L’audition terminée, Me Terrel demande à ce que soit lu la fin du procès-verbal de son client. Il y est écrit qu’E.M. était en parfaite santé avant sa rétention et sa détention, expériences très douloureuses qui l’ont conduit à faire plusieurs tentatives de suicide (entailles avec des lames de rasoir, éclats de verre avalés). Le président rappelle qu’un policier a reconnu le prévenu sur des photos mais qu’il n’a pas témoigné contre lui. Me Terrel insiste : E.M. n’a été mis en cause par aucun des policiers dans les événements du 21 et du 22 juin 2008.

Les vidéos : « Il n’y a pas grand-chose à voir »

A 15h50, le président propose de passer au visionnage des vidéos sur lesquelles le prévenu est présent. Ce dernier confirme qu’il était vêtu le jour de l’incendie d’un tee-shirt blanc avec quelques inscriptions et des manches rouges.

La première vidéo (unité 1, caméra 1) montre l’extrémité d’un couloir qui donne sur l’extérieur. On y voit E.M., parmi d’autres, sortir deux matelas du bâtiment. Il dit qu’il l’a fait par peur et sous la pression des autres. Ne se rappelant pas si quelqu’un donnait des ordres, il insiste sur le fait que les retenus étaient très nombreux et qu’il s’agissait d’une décision collective.

Dans la seconde séquence visionnée (unité 1, caméra 3) à partir de 15h30, on peut distinguer E.M., au loin dans un couloir, entrer dans une chambre à la suite d’un retenu considéré par la cour comme un meneur. « Il n’y a pas grand-chose à voir », dit le président. Me Terrel souligne que le passage de E.M. dans cette chambre est furtif : il n’y reste que cinq secondes.

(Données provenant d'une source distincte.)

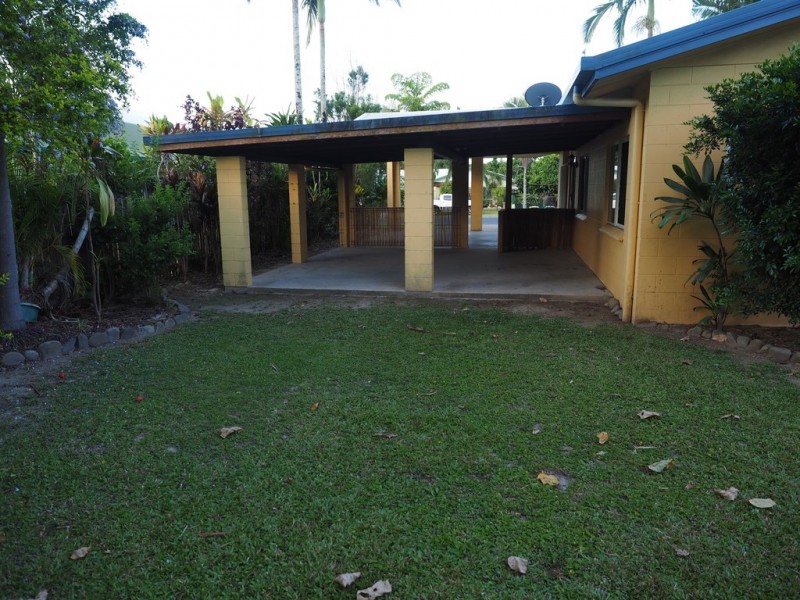 7 Pandora Close, Bentley Park QLD 4869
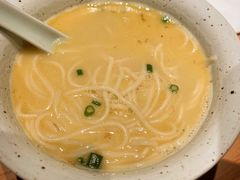 鸡汤阳春面-人间酒暖·Go blanc·烧鸟·深夜食堂(陆家嘴店)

La troisième vidéo (unité 1, caméra 4) est diffusée rapidement. Donnant sur un couloir très passant, elle permet d’identifier le mot inscrit au dos du tee-shirt du prévenu : « karting ». E.M. ne se souvient plus de ce détail.

C’est ensuite au tour d’une vidéo de la cour du CRA 2 (unité 2, caméra 1). Il est 15h27. On y voit défiler les retenus en hommage à la mémoire de M. Souli. Le président remarque que le prévenu est au premier rang, le poing levé. « Oui j’étais à cette marche, mais vous pensez vraiment que je serais venu en France pour mettre le feu à ces bâtiments ? », s’exclame-t-il. Le ton monte : « Je ne pense rien, monsieur, je m’en tiens aux faits et ne suis pas là pour répondre à de telles questions » répond le président.

Enfin, la dernière vidéo (unité 2, caméra 4) donne à voir la cour où sont entassés les matelas. Vers 15h34, E.M. apparaît à l’extrémité droite du tas, accroupi, difficilement identifiable derrière A.D. qui se tient debout. Après plusieurs secondes, il se relève. Quelques minutes plus tard, des flammes semblent partir de cet endroit. Le prévenu dit qu’il cherchait son argent qu’il avait caché dans son matelas. Le président demande pourquoi il le cherchait à cet endroit précis et non ailleurs. Il lui répond qu’il commençait par là. Me Terrel invite le président à repasser cette vidéo au ralenti : cela permet de voir que, quelques minutes après E.M., une autre personne se penche au même endroit. Pendant ce temps, E.M. cherche quelque chose dans les matelas un peu plus loin, un drap à la main. Ensuite, la fumée émane du côté droit du tas de matelas mais également d’un autre point légèrement plus à gauche. E.M. déclare qu’il n’a pas mis le feu aux matelas. Il répète qu’il était « opposé à tout cela ».

Il est 16h15, le président lève la séance et annonce le programme de celle du lendemain où sont prévues les auditions de M.D. et de Ma.D.

Au terme de cette première audition, il apparaît que les preuves sont malaisées à manipuler, tant les témoignages contradictoires que les images ou les scènes de foule très rapides compliquent l’analyse des actions.